My wife had stuff to do at the weekend, and I realised that myself and the boy didn’t have ‘stuff’ to do. So, with a promising weather forecast, I decided to take the boy on our first father/son camping trip.
Jut like any first adventure, there is a temptation to over-pack. And this ex-scout lives by the Scouting motto ‘be prepared’. I’ll post separately about some good cheap camping gear I used, but it turned out that I filled the car boot with so much stuff that I ended up skimping on clothes to save space.
But clothes don’t matter.
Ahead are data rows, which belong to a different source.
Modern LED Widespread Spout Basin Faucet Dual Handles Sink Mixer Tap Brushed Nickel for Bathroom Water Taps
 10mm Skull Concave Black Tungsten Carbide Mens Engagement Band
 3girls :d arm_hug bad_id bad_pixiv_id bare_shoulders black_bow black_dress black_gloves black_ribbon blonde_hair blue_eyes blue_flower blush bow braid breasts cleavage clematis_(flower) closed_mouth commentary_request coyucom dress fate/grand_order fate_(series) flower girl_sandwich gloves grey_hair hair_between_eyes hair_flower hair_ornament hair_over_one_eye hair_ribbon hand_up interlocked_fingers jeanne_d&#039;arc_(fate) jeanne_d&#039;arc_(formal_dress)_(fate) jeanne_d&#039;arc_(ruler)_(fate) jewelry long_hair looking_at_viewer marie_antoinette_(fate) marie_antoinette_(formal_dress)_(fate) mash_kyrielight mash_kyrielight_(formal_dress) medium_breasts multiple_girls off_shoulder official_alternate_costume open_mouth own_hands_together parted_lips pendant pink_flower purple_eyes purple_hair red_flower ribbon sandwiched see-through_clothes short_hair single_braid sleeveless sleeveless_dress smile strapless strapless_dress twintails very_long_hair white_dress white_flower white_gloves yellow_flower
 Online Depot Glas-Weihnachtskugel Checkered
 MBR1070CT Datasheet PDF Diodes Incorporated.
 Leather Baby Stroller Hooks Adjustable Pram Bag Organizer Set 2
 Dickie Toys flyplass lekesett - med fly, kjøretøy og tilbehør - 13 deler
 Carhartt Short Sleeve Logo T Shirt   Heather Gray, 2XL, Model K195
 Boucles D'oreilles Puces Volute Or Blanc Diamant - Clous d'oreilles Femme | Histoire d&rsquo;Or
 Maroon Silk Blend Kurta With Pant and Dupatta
Anyone who’s ever been on scout camp knows that there are two certainties.
1.Boys will not voluntarily wash
2. Boys will wear the same clothes for seven days.
So we set off for the isle of Arran for two nights camping at Seal Shore campsite, with one spare pair of pants each, and a very small bar of soap.
We arrived at 8am on Saturday and had the tent pitched right on the edge of the machair by the sunny sandy beach. We put our cool bags in the shade at the front of the tent, and got down to the serious business of marching up and down the length of the beach thigh-deep in the water. Fish were almost surveyed, dead crabs were poked. Shells got gathered, and stones were almost nearly skimmed. Fun was had.
Brunch was apples and ice cream, lunch was sausages on the bucket barbecue, dinner much the same, followed by toasted marshmallows and baked chocolate bananas. When camping, it’s vital to keep the intake of vegetables to the absolute minimum. Vital.
Our neighbours were a chilled-out couple from Largs on a rare two-night break from looking after their autistic teenager. They were very relaxed, staying out late into the night to watch the stars and the lighthouse by campfire.
They had invited us to join them, but the boy was asleep as soon as his head hit the space on the groundsheet where a pillow should be. I heard the neighbours suppressing giggles as my boy let out huge sleepy farts.
The next day was wet and windy. And we quickly went through our spare socks and pants. Still, we went treasure hunting at 8am, had rolls and sausages at 10am, and got a peek at some seals, and even some porpoises out in the sea.
With our wet socks drying on the dashboard, I drove barefoot to Brodick castle, where bogles and vikings were waiting for us. We parked, put our dry socks on, stepped into our wet shoes, and went for a walk in the castle grounds.
The entry price is steep if you’re not a member of the National Trust, but the gatekeeper is a kind little granny, and a very well-behaved child might just find that entry to Brodick castle and grounds is free!
On the way to the Rangers quarters, we passed a quite matter-of-fact viking, in full gear (including sword). The boy just grinned. We exchanged words on weather and camping on the island (the vikings, like ourselves, were under canvas for the weekend). My boy was quite impressed, as it seemed I had managed to tame this fierce-looking fellow.
We played awhile before gaining entry to the castle. Each room is beautiful, and contains a National Trust person who will help you to enthuse children, who might otherwise dash though each room without spotting the treasures to be found.
A quick lunch was followed by a pipe band, and a viking combat display. A pretty decent afternoon.
Back at the tent, we read stories and doodled till bedtime.
In the morning, our coolbags were covered in muddy foxy footprints! Our neighbours had been visited by something wild and furry which had purveyed their last two uncooked sausages. A fox had come by for breakfast.
The boy’s bucket and spade had also disappeared in the night. We found the bucket on the beach. But I guess the fox decided to keep the spade for a future dig. He’s fantastic, afterall!
We packed for home, wrung out our wet socks, and caught the 11am ferry home. We were very lucky to also catch sight of two basking sharks a few hundred yards from the boat. The tip of one is just viewable as a small black triangle in the photo.
So, castles, sandcastles, seashells, seagulls, slugs, sausages, marshmallows, foxes, seals, porpoises, basking sharks, campfires, vikings and more – all in two days.
A weekend can be a holiday. If you’re smart, you can wring out 52 of them every year.